Record set Block Start

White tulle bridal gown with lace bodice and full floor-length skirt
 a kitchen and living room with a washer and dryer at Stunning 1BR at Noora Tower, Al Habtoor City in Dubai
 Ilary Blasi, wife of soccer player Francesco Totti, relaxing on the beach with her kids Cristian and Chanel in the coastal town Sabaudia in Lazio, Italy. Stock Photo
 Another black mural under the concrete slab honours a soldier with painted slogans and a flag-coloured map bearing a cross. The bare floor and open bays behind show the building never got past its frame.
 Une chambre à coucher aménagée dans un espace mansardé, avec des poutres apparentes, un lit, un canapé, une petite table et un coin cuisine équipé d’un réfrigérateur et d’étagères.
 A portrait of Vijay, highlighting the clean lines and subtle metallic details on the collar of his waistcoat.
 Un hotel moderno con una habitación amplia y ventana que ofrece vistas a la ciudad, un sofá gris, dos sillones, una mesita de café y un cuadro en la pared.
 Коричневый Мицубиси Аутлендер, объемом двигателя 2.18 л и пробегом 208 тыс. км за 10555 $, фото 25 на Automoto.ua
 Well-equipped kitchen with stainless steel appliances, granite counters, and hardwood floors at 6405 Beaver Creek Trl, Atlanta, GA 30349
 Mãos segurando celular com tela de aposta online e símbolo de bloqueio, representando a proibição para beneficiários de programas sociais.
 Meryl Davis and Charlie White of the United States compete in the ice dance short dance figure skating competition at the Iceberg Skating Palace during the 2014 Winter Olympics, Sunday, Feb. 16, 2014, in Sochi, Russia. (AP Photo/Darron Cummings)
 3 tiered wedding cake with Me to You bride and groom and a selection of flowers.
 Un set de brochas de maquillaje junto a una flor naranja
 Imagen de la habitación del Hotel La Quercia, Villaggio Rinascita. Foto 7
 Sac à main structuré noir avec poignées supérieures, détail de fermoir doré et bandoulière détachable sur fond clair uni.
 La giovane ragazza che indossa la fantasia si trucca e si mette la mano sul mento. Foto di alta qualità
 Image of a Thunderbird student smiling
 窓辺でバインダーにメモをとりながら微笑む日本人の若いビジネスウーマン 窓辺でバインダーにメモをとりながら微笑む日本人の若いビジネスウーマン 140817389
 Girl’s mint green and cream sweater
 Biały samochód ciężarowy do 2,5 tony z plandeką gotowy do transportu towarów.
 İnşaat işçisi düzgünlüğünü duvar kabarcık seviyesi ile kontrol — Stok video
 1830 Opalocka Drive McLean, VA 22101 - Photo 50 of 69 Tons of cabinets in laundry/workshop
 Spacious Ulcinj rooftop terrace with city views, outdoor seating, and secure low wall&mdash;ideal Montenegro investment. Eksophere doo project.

Record set Block End

Exercise requirements =>
Print the records verbatim, stopping after the "Une chambre à" line.

Response to the exercise =>
White tulle bridal gown with lace bodice and full floor-length skirt
 a kitchen and living room with a washer and dryer at Stunning 1BR at Noora Tower, Al Habtoor City in Dubai
 Ilary Blasi, wife of soccer player Francesco Totti, relaxing on the beach with her kids Cristian and Chanel in the coastal town Sabaudia in Lazio, Italy. Stock Photo
 Another black mural under the concrete slab honours a soldier with painted slogans and a flag-coloured map bearing a cross. The bare floor and open bays behind show the building never got past its frame.
 Une chambre à coucher aménagée dans un espace mansardé, avec des poutres apparentes, un lit, un canapé, une petite table et un coin cuisine équipé d’un réfrigérateur et d’étagères.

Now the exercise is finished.